It's difficult to know how best to love and serve someone who has lost a baby. Even I struggle with "what should I say?" So I wanted to list a few ways we can support grieving families:
• Say, "I'm so sorry. I'm very sad for your loss. I am praying for you." Those simple words go a long way in bringing comfort to a broken heart. You don't have to say words of deep, theological wisdom about the sovereignty of God and His purposes in suffering in order to love and comfort grieving parents. Simple truths, like "My heart is breaking with yours, and I know that God is loving you and holding you right now" can be just what they need to hear.
• Be supportive. Say, "I want to help. What can I do for you?" Many times the everyday tasks of life are too much for grieving parents to handle, so make a meal, babysit their other children, go grocery shopping for them.
• Be available. Say, "I'm here for you. I'll listen as long as you want to talk. I have plenty of time." When you ask how they're doing, really mean it and be willing to listen. Being able to honestly talk to someone about the death of their baby can be very healing and comforting, so don't shy away from asking. However, don't prod if they're not ready to talk yet. Just consistently let them know you're available.
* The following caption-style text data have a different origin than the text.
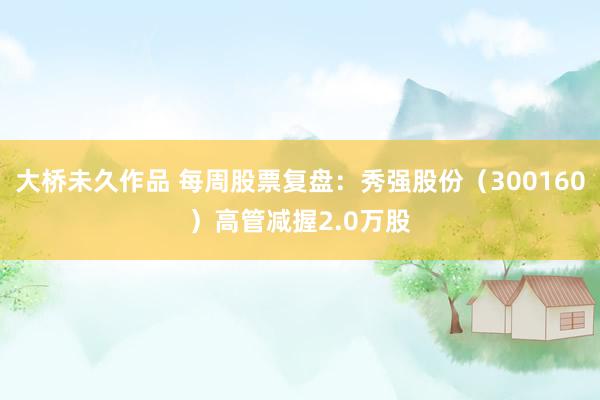 大桥未久作品 每周股票复盘：秀强股份（300160）高管减握2.0万股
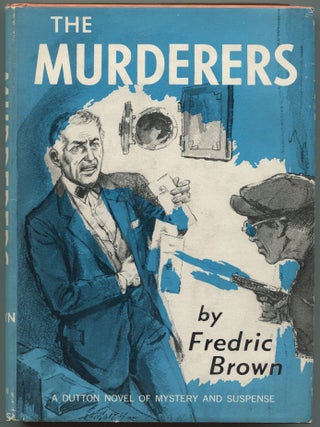 Item #515458 The Murderers. Fredric BROWN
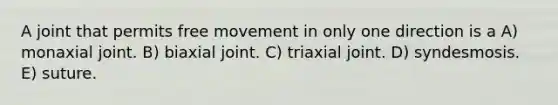 A joint that permits free movement in only one direction is a A) monaxial joint. B) biaxial joint. C) triaxial joint. D) syndesmosis. E) suture.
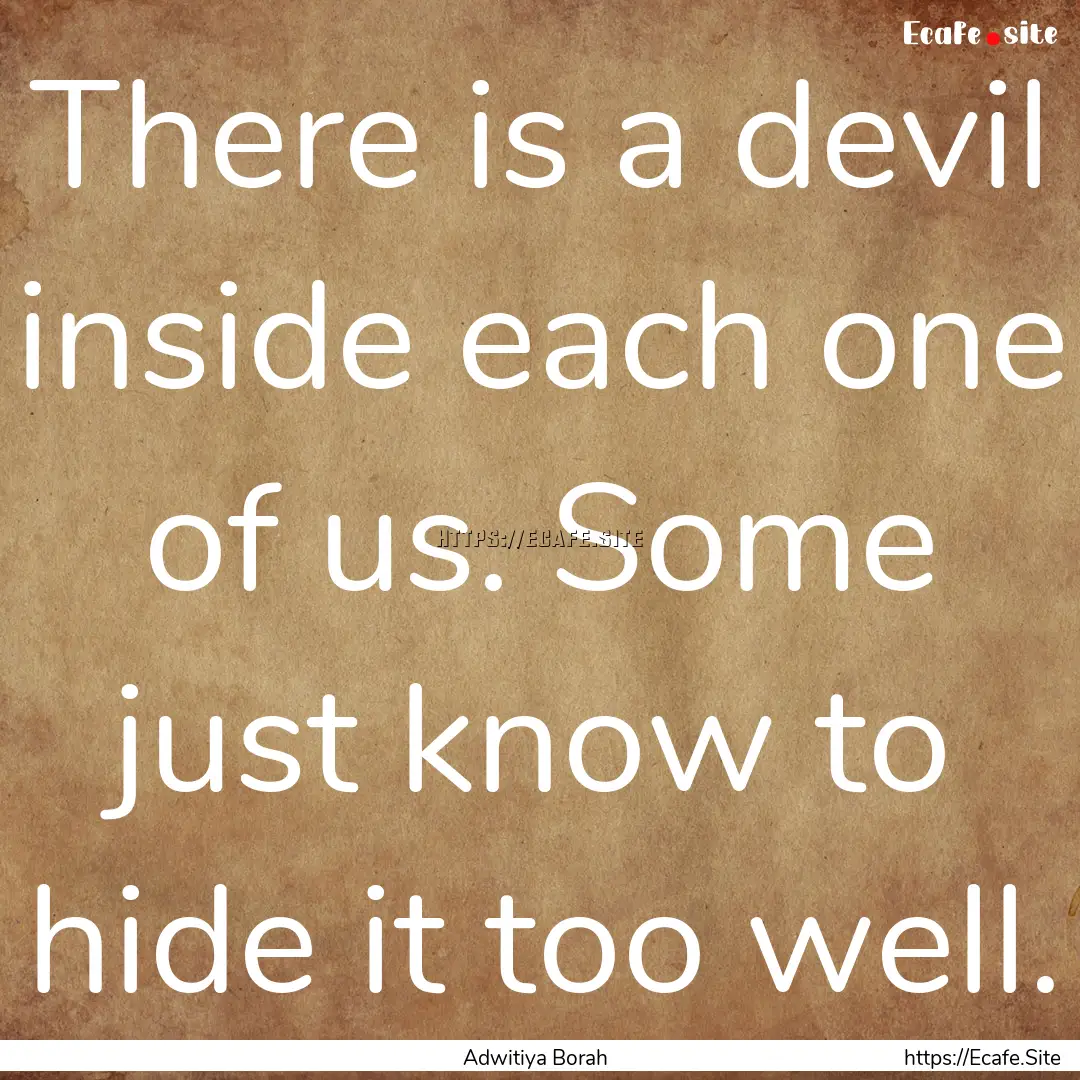 There is a devil inside each one of us. Some.... : Quote by Adwitiya Borah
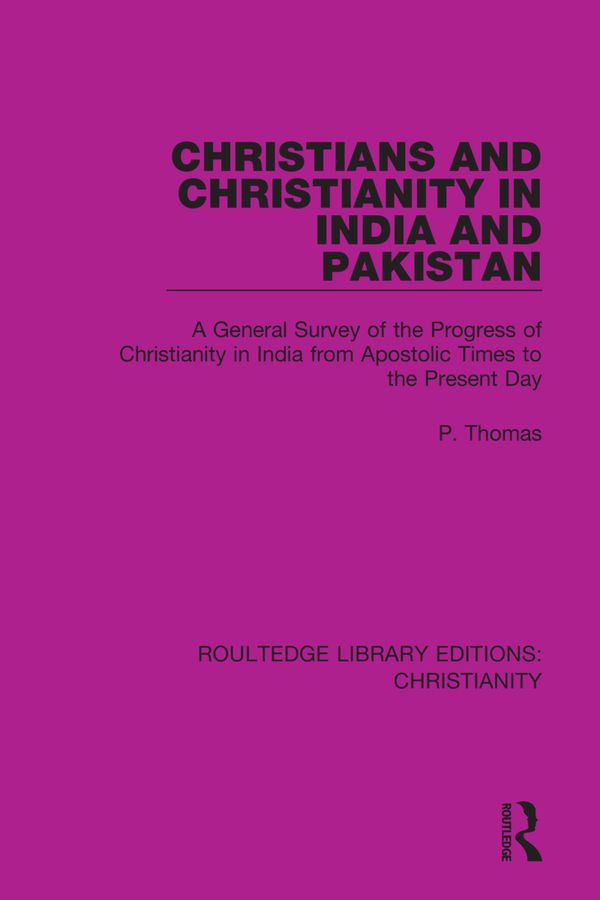 Christians and Christianity in India and Pakistan | 1:a upplagan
• Touch and hug the grieving parents. They need the physical assurance of your love and support.
• Remember that grieving fathers need as much (although in some ways different) support as mothers.
• Ask about their child and allow them to talk about him or her. Don't think that by avoiding mentioning their baby it will ease their pain. Thoughts of their child are always on their minds, and letting them know you remember is comforting. If the baby had a name, use it. One woman said that hearing others speak her child's name was like music to her aching heart. They want to know that others are thinking of and missing their child, too.
• Understand that the length of time a baby is carried or the amount of time a child lives does not diminish the pain and sense of loss the parents experience. The preborn or newly-born baby who dies is as significant a person as any other child or adult, and the grieving parents feel that acutely. They love their baby as a special, precious human being, thought up and knit together by God and known before time.
• Allow parents to grieve. It is a long process that doesn't end as soon as the funeral is over. Losing a child is a tremendous loss, and parents need to be able to feel the pain of it and have time to work through it. Don't try to "help them get over it" or "make them feel better".
That is not to say that there is no place for words of encouragement, comfort and hope! Just let those words be mingled with the tears. We are sorrowful yet rejoicing, grieving yet with hope.
• Remember anniversaries and holidays. Mother's Day and Father's Day are never the same for bereaved parents, especially the first one after the death of a child, even if it's 11 months later. If the baby died very early, his or her predicted due date can be a very difficult time. Remember the yearly anniversary of the baby's birth and death, and even the first few monthly anniversaries, with a phone call or card. These days are full of tears - though mingled with love and joy - and to know that others are thinking of you and your child on these days does much to ease the pain.
• Finally, remember that God uses His Church as a means of bringing comfort to those who are suffering. Paul says that we are comforted by God, "so that we will be able to comfort those who are in any affliction with the comfort with which we ourselves are comforted by God." Your support, love and involvement during this time will be a blessing God uses in the lives of His suffering people. He will use you!
This is something we have experienced this first hand. The outpouring of love we received from the saints after we lost Matthias was a great comfort and strengthened our faith when we were "in the fire". Our mailbox contained cards full of words of love and comfort for weeks and weeks. I am so grateful for all of you!